Advantage of Raman fiber amplifiers is that they use transmission medium as an active environment. This means that in contrary to optical amplifiers based on fibers doped by rare earth elements they do not need special active fiber, which would predetermine their spectral range of possible application. Another advantage is that the spectral area, in which the Raman fiber amplifiers can be used, is flexible and is determined only by so-called Raman downshift between pump and signal waves; this downshift for silica fibers is roughly 12 THz. Raman fiber amplifiers bandwidth is moreover defined by the number of pump wavelengths and therefore it is not determined by spectral properties of chosen special fiber doped by rare earth elements. Using 4 pump wavelengths with suitable spectral deployment allows to achieve bandwidth broader than 80 nm, which is impossible with commonly used Erbium-doped fiber amplifiers.

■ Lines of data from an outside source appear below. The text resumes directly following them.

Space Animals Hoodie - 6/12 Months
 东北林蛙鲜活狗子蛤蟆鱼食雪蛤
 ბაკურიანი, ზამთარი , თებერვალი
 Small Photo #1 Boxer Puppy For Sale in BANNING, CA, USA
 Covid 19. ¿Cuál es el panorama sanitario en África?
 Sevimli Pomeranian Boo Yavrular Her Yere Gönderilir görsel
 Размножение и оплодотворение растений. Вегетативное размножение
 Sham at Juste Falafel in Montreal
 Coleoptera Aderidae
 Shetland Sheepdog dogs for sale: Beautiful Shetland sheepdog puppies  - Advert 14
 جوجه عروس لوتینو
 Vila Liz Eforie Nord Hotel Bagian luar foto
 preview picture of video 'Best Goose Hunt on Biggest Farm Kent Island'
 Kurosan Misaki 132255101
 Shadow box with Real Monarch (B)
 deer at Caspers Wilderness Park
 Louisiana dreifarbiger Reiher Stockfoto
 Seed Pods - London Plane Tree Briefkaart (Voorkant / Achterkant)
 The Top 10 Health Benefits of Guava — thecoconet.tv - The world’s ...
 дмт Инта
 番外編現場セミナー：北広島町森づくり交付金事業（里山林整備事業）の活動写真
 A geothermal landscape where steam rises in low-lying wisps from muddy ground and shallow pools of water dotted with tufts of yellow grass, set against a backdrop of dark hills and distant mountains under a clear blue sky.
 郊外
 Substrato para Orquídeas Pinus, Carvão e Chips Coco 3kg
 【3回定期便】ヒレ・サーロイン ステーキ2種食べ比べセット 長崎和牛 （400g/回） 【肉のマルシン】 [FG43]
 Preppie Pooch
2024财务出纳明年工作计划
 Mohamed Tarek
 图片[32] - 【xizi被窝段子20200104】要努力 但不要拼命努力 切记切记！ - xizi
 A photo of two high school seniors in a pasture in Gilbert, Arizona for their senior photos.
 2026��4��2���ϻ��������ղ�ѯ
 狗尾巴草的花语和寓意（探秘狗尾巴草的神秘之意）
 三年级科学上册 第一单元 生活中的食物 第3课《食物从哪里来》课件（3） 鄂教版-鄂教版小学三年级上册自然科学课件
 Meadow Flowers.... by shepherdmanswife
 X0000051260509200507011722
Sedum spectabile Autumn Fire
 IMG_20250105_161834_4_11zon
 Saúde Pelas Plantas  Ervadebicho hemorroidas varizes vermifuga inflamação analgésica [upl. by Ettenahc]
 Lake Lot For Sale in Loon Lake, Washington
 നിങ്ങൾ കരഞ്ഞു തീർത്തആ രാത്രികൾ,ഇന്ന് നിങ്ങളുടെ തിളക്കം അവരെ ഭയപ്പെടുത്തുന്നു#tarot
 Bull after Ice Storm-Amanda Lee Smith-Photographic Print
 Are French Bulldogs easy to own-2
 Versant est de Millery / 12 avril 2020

As a source of pump radiation, current broadband Raman fiber amplifiers use frequency-multiplexed power laser diodes operating in continuous mode. In order to suppress pump waves' amplitude noise transfer to signal waves, so-called contra-directional pumping of Raman fiber amplifiers is usually used. This means that pump waves spread from the opposite end of the transmission fiber than signal waves. Suitable selection of wavelengths and power rating of individual pump diodes allows to achieve rather flat spectral response to signal amplification within the required frequency bandwidth. Shortcoming of these amplifiers is that transfers of energy between individual pump waves occur due to Raman interactions between them, causing higher-frequency pump waves to amplify lower-frequency pump waves, which as a result protrude with higher power to the other, signal, side of the transmission fiber. Resulting effect is that the optical signal-to-noise ratio almost linearly improves with increasing signal wavelength. At broadband Raman amplifiers, optical signal-to-noise ratio difference between signals at both ends of amplification spectrum may reach even several decibels despite suitable selection of pump waves frequencies and power ratings, which allows achieving rather flat spectral response to amplification with maximum ripple lower than few tenths of decibel. When multiple Raman fiber amplifiers are cascaded, the effect of linearly improved optical signal-to-noise ratio adds up and the difference between signals at the opposite ends of spectrum may be unacceptably high and cause higher error rates in transfer of information at the shortwave spectrum side.